== Data to examine

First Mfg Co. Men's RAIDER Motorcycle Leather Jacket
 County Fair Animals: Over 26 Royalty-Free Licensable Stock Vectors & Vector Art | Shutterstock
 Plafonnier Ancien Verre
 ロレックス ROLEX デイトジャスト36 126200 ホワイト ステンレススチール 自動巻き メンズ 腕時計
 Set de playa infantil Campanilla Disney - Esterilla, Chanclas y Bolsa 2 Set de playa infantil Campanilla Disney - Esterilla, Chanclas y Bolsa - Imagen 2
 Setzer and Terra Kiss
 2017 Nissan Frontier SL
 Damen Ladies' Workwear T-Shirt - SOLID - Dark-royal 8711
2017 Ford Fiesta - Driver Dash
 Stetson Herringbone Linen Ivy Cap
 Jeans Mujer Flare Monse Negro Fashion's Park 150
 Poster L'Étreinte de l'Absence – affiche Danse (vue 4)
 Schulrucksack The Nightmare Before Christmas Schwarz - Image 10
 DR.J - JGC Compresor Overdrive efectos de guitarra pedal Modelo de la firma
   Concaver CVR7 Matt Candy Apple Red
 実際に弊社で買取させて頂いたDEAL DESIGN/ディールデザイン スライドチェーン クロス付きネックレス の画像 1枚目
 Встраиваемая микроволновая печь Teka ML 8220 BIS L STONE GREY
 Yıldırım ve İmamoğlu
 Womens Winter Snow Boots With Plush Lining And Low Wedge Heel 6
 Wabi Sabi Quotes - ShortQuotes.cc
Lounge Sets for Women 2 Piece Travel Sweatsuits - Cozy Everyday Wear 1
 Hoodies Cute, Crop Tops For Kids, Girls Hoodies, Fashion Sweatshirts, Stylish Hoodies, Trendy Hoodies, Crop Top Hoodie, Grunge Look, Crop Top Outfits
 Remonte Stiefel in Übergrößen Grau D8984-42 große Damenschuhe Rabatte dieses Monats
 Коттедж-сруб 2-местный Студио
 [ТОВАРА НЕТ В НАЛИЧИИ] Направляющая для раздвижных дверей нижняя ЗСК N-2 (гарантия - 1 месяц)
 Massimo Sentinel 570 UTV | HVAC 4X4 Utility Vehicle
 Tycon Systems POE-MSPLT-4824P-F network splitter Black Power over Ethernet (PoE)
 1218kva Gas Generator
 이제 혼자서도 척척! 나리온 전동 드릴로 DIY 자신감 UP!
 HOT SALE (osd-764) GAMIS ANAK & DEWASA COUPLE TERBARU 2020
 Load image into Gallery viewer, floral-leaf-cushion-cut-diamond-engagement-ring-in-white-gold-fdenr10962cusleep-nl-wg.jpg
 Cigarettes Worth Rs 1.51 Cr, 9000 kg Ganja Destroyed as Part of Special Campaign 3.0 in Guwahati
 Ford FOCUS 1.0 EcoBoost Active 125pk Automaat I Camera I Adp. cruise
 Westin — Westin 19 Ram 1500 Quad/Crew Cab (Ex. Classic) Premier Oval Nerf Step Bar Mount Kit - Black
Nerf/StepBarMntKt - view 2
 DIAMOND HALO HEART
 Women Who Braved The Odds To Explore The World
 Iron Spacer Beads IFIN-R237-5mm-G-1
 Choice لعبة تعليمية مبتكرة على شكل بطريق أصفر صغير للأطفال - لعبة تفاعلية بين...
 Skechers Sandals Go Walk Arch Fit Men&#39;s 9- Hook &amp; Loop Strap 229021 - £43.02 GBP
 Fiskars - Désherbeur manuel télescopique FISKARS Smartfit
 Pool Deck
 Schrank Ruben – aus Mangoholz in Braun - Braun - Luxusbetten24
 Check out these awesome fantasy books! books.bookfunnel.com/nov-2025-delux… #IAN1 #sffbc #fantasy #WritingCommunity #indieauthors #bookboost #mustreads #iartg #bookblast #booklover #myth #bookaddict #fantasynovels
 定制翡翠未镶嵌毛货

====

Exercise aim = Looking through the records, copy out every line in which the word "Black" is found.

Result of this task =
 Tycon Systems POE-MSPLT-4824P-F network splitter Black Power over Ethernet (PoE)
 Westin — Westin 19 Ram 1500 Quad/Crew Cab (Ex. Classic) Premier Oval Nerf Step Bar Mount Kit - Black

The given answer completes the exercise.